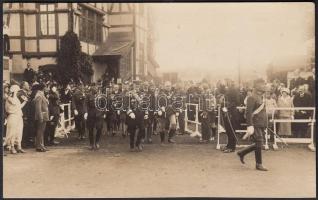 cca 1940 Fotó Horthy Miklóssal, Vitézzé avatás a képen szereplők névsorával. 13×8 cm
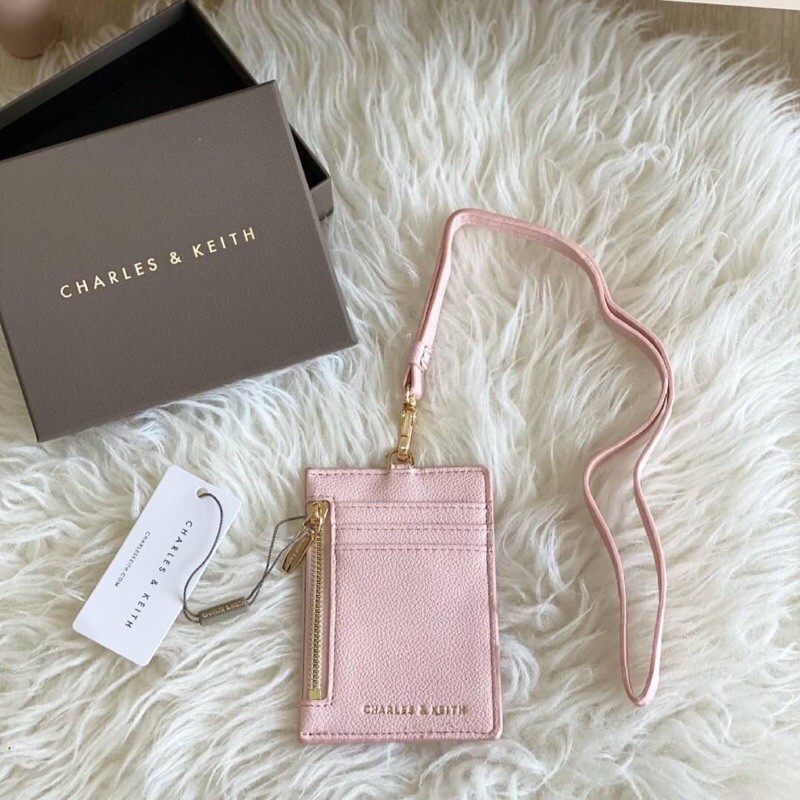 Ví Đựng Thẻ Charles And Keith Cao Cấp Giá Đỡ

--

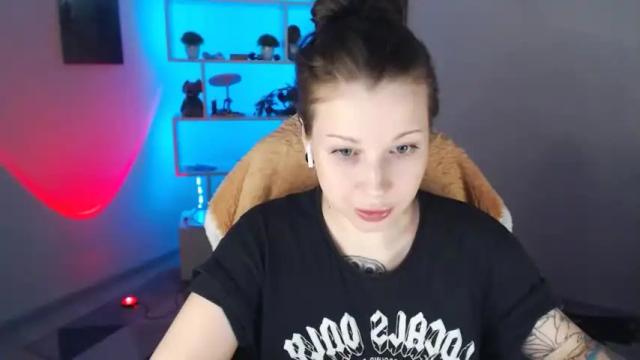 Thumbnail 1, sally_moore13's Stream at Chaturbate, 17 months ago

> _WHAT YOU NEED TO DO_: In the listing above, find the line containing "cca 1940 Fotó" and the line containing "Ví Đựng Thẻ Charles And Keith Cao Cấp Giá Đỡ", then print exactly those two lines and every line between them, minus the pictures.

> _YOUR SOLUTION_:
 cca 1940 Fotó Horthy Miklóssal, Vitézzé avatás a képen szereplők névsorával. 13×8 cm
 Ví Đựng Thẻ Charles And Keith Cao Cấp Giá Đỡ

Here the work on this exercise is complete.